I banditi, spiegano gli inquirenti, erano dotati di grande agilità e avevano preferenze per gli appartamenti posti ai secondi e terzi piani, in quanto meno protetti da inferriate e sistemi di allarme. Salire per loro non sarebbe stato un problema, aggrappandosi a grondaie e tubi del gas, saltando anche da un balcone all'altro. Sempre secondo i carabinieri avevano canali di ricettazione molto efficaci, dal momento che non sono stati ritrovati alcuni monili d'oro rubati il giorno precedente il blitz. Dopo l'ultima “scorribanda”, i carabinieri li hanno attesi in forze nella loro casa di via Vassura. I due sono stati quindi catturati dopo non poche resistenze. Le tasche erano ancora piene di gioielli appena asportati. I militari hanno poi recuperato diversa refurtiva, alcuni oggetti i cui proprietari sono stati già identificati e altri che invece attendono un riconoscimento. Per questo l'autorità giudiziaria ha diffuso le foto dei due arrestati: visto il loro sospetto “attivismo” è possibile che qualcuno se li sia trovati di fronte.

Il "basista"

Il giorno prima dell'arresto, la coppia di ladri era intenta a derubare una casa ma l'arrivo della proprietaria i malviventi sono fuggiti abbandonando un borsone di attrezzi da scasso, tra cui un flessibile per aprire le casseforti. Attrezzo che, però, è tornato nella loro disponibilità la mattina successiva: un altro albanese, operaio e da anni residente a Forlì, 34 anni regolare, lo ha ricomprato.
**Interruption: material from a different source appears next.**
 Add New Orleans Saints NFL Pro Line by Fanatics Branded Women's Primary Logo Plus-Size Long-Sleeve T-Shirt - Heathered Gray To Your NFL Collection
Lo stesso è stato trovato in possesso di duemila euro in contanti e avrebbe fatto da intermediario per reperire l'abitazione alla coppia, giunta a Forlì dopo l'Epifania, dopo essere stata in città anche tra ottobre e dicembre scorsi. Il terzo albanese, il possibile “basista” è stato denunciato a piede libero, mentre accertamenti sono in corso sul proprietario di casa italiano che avrebbe omesso di segnalare i due inquilini. “Dopo il loro arresto abbiamo notato un sensibile calo dei furti”, è la conclusione dei carabinieri.